[DATA EXTRACT]

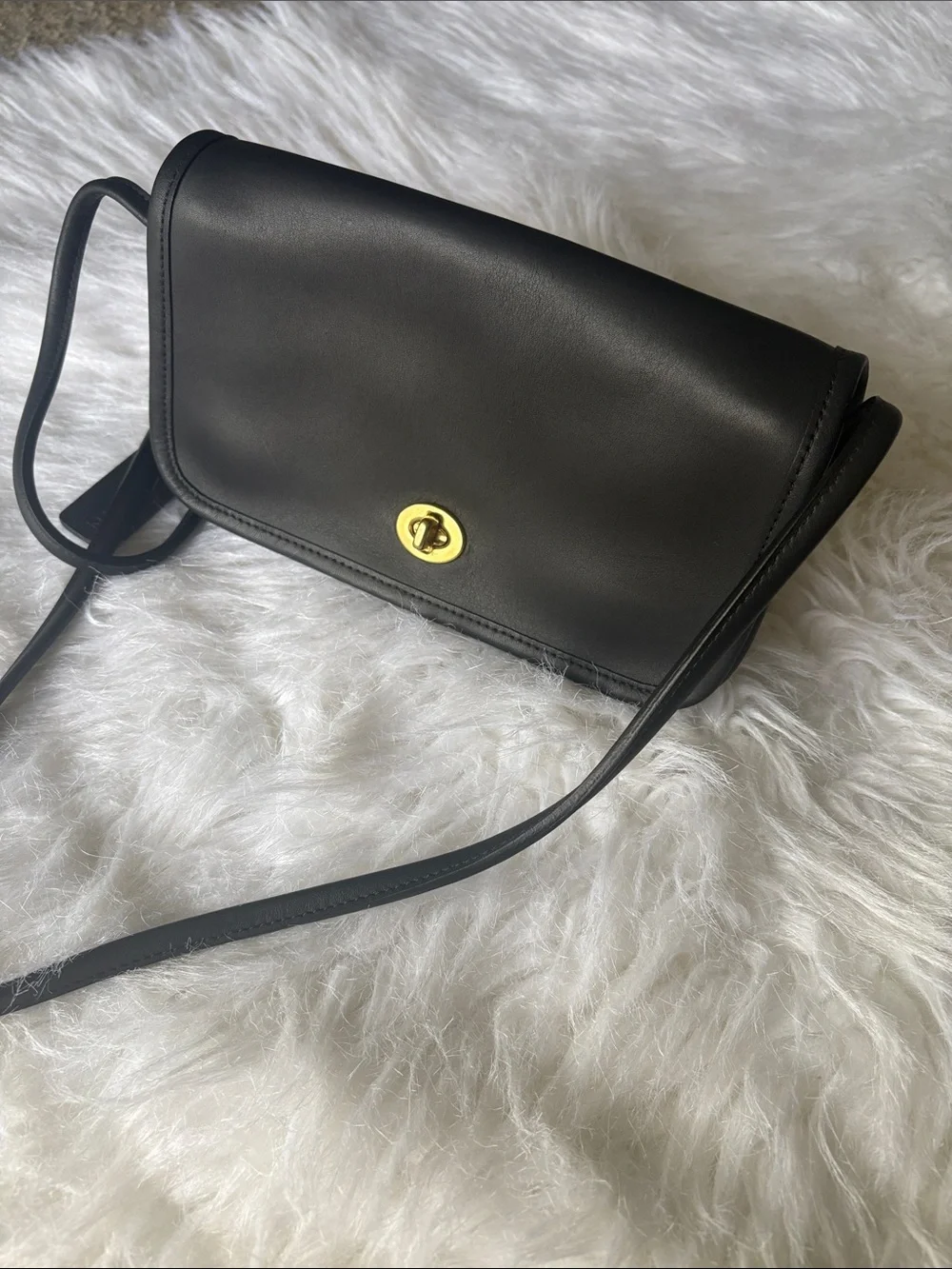 Coach Black Leather Turnlock Crossbody Bag - Picture 2 of 16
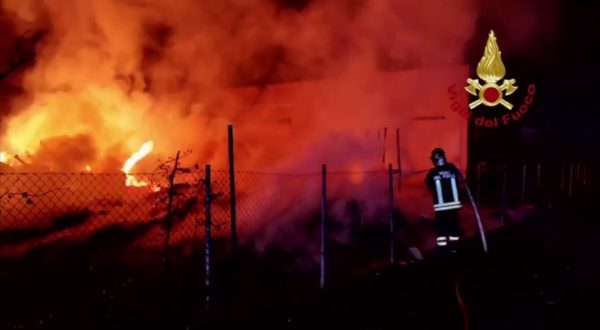 Incendio in un’azienda in provincia di Forlì, a fuoco capannone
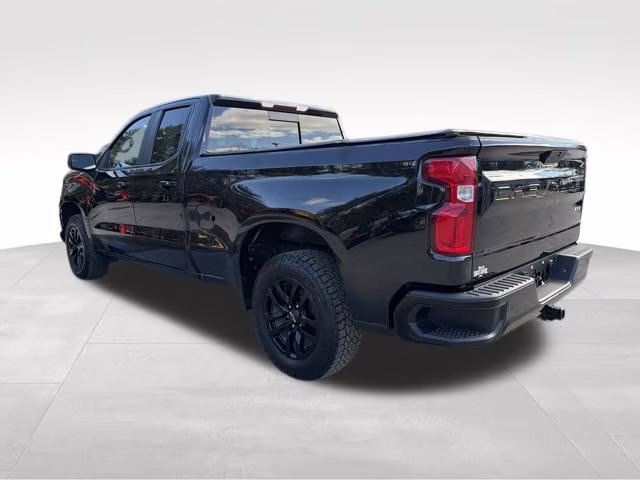 2019 Black Chevrolet Silverado 1500 RST 4X4 Truck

[/DATA EXTRACT]

Could you give the listing again exactly as it stands, minus any pictures?

 Coach Black Leather Turnlock Crossbody Bag - Picture 2 of 16
 Incendio in un’azienda in provincia di Forlì, a fuoco capannone
 2019 Black Chevrolet Silverado 1500 RST 4X4 Truck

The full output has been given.